You might come across various situations where you need to negotiate your salary, for example, during an interview, upon receiving a job offer, in the middle of a performance review or when a job promotion has been announced.
In this article, there are tips and advice that will hopefully help you negotiate a salary successfully with either your new or current employer. We will also walk you through salary negotiation strategies and tactics and suggestions on what to say when negotiating salary and some examples to consider when it is time to negotiate your pay.
There are several benefits that come with starting a salary negotiation with your recruiter or manager. Some of the key benefits of a wage negotiation are discussed below.
One of the most obvious benefits that come with negotiating salary is the chance of gaining a higher income. By taking the initiative or participating in a wage negotiation, you get the chance to have either a higher starting salary or a raise, both of which are desirable outcomes. The worst thing your recruiter or manager can say is no to a wage negotiation and you remain with the current level of salary you are receiving - you have got nothing to lose!
Another benefit of starting a salary negotiation with your recruiter or manager is that you are able to not only remind them of your value but also show you understand how much your skills and knowledge are worth and limits the chance of your employer taking advantage of you, such as increasing your workload without giving you a corresponding raise in salary.
By negotiating your salary, you push yourself outside your comfort zone and learn to confront situations that can be tricky. It is likely that the process of negotiating your salary will make you feel uncomfortable, as it can be difficult to find the balance between not coming across as too demanding and asking for what you deserve for your hard work.
However, starting a wage negotiation can also show that you have the skills to engage in a candid and straightforward discussion, as well as demonstrate to your recruiter or manager that you know when to be assertive while remaining professional. This is a skill valued by many employers.
Another benefit of beginning a wage negotiation is the opportunity to receive a more complete benefit package. Other than some extra cash that you would like to get out of a wage negotiation, your company can also show support by providing better career development opportunities, work-life balance, and health-related perks and allowing you more work flexibility.
Some of these can include training and development opportunities and qualifications, healthcare coverage and fitness stipends, and flexibility to work remotely. While the tangible perk of money is important when you negotiate your salary, the compensation that comes in these forms of a benefits package should be considered before you accept a new job offer or re-sign your work contract.
If you reach an agreement about your salary through negotiation before you start a job, you are less likely to feel dissatisfied and unappreciated at work, which can lead to conflicts between you and the company.
Before going into a salary negotiation with your recruiter or manager, it is vital to know what your worth is. There are various factors that can determine how much value you have to offer to your potential or current employer, for example, education level, years of relevant experience, licenses and qualifications and skillset.

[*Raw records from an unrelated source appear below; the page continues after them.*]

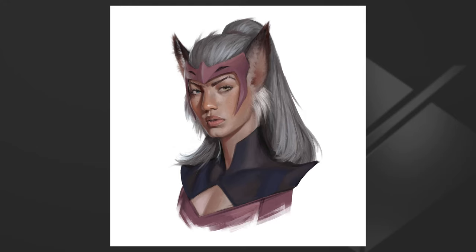Hey guys, what's up? Welcome to another episode of Digital Art with Jesus Conde, and today we're going to be painting Catra from She-Ra.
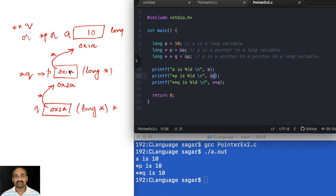Until and unless you understand the purpose of pointers you may not be fully clear about these topics, but don't worry — you will get there as we go along.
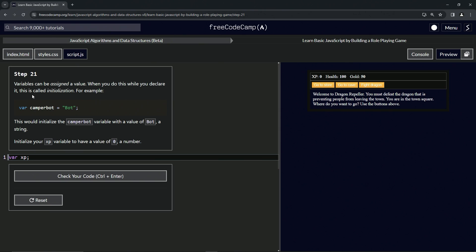For example, we've got var camperBot equaling bot - a string. Strings are just values that are inside quotation marks. This would initialize the camperBot variable with a value of bot. We're going to initialize our xp variable to have a value of zero, which is a number.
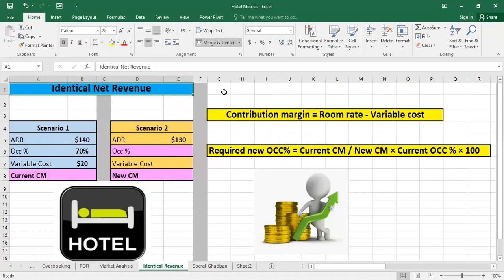One way to apply the contribution margin is by analyzing scenarios with changing price points and occupancy levels. The objective of this calculation is to identify the occupancy percentage that will generate identical net room revenue at a changing ADR.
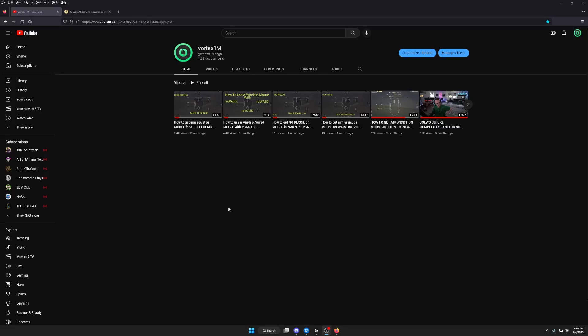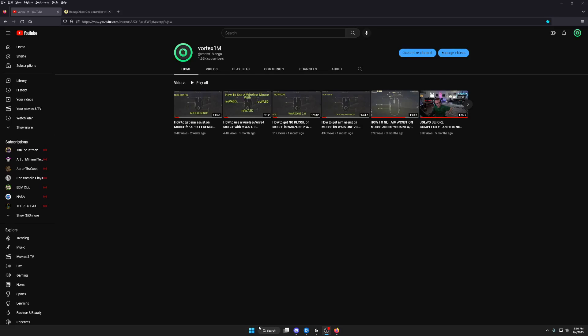What's up YouTube, welcome back to another video. If you haven't been here before, we have been showing people how to get aim assist on mouse and keyboard using the app known as REWASD. If you've been here before, you already know the drill — the config will be in the description below. Go ahead and download it, and go ahead and skip to the settings.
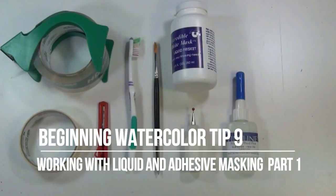Welcome to my beginning watercolor tip number nine, working with liquid and adhesive masking, part one.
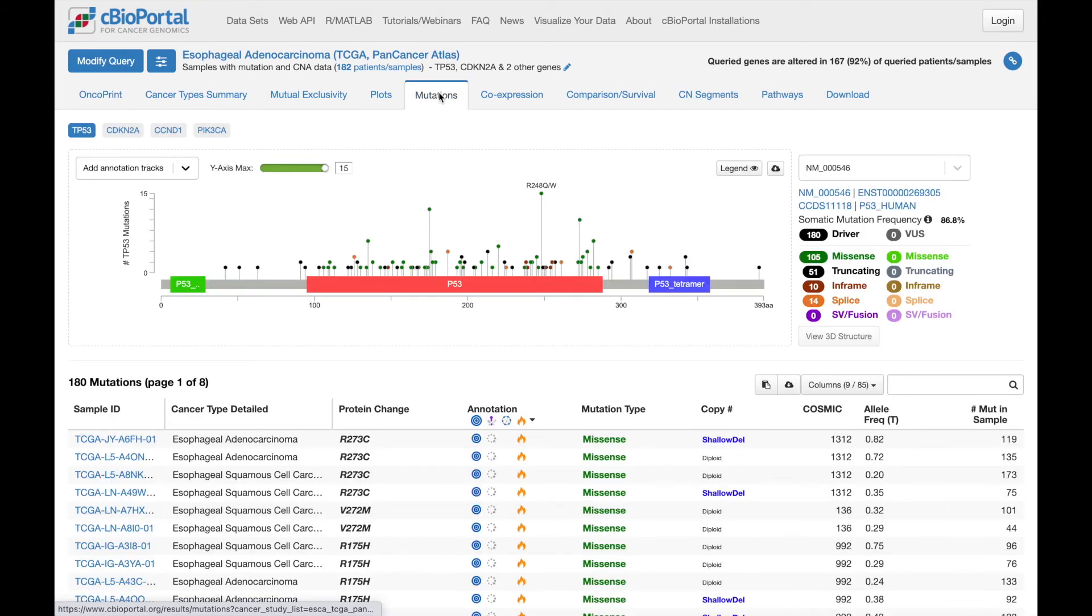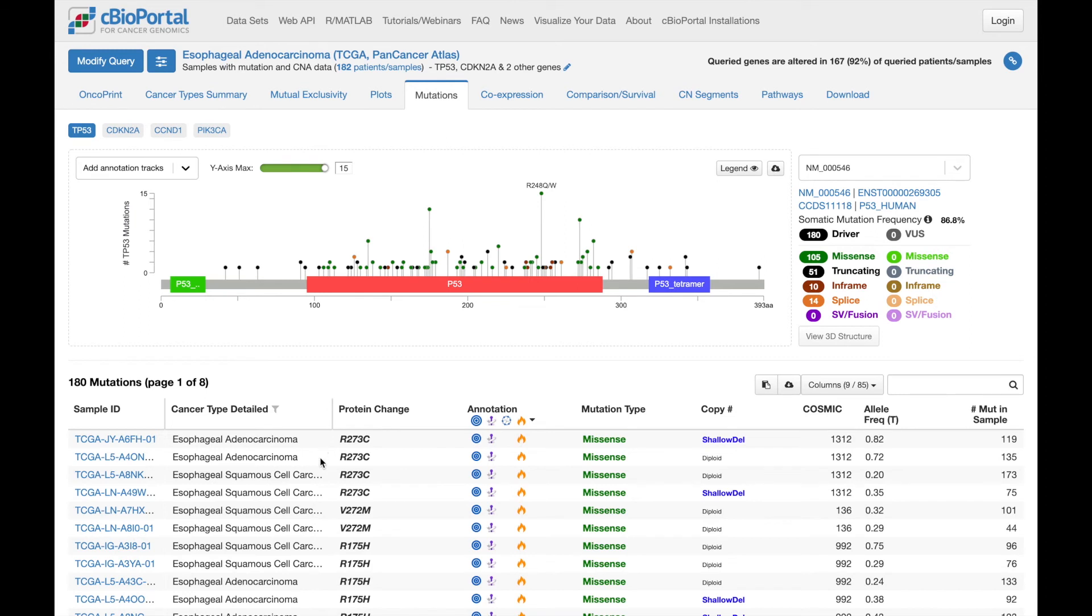Here, you'll see the distribution of mutations across a gene, here in this plot at the top of the page. And you can explore each mutation in detail in the table below. Each row here is a mutation in a particular sample.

Understanding the value you can offer will help your case when you negotiate your salary, as having evidence to back up your wage negotiation will make it more persuasive and more likely to succeed.
Similar to understanding what your value is to employers, it is equally important to know their needs before you start a negotiation for your salary.
If you are able to match your experience and skillset to what employers need, you will naturally have more ground to stand on when negotiating your starting salary for a new job or a pay rise. Once you are able to convince your recruiter or manager what you offer meets their needs, your wage negotiation should go smoothly.
This is crucial data to have at hand when negotiating your salary. Start by researching the market average salary for your specific industry, company and role, and make sure to look at the average salary related to your office’s country and geographic location, as well as competitors’ offerings within the same region.
When starting a negotiation for your salary, another key is to make sure that you have a number in mind, either the exact number or a range. Either will help you to have a clear idea of how much you want to get from the wage negotiation and when you need to stop.
Picking the right time to start your wage negotiation is another factor to consider before initiating a salary negotiation with your recruiter or manager. Most people seem to prefer waiting until the performance review season, but it is likely by that time any pay raise requests would be decided. Hence, instead, you should inquire about a potential pay raise three to four months earlier, as this is usually the period where companies are looking at allocating budgets.
As with interviews and presentations, a wage negotiation might be done by a phone call or in person. To prepare for this, make sure to ask a friend to role play with you so that you can better articulate your expectations when the time comes.
Have you ever seen someone coming through the office door with a frown on their face? It is not very promising nor does it convey professionalism. Make sure to always keep your head high and carry a confident smile on your face.
Leaving an impression that shows you are self-assured, composed and confident will also play a part in persuading your recruiter or manager during a wage negotiation.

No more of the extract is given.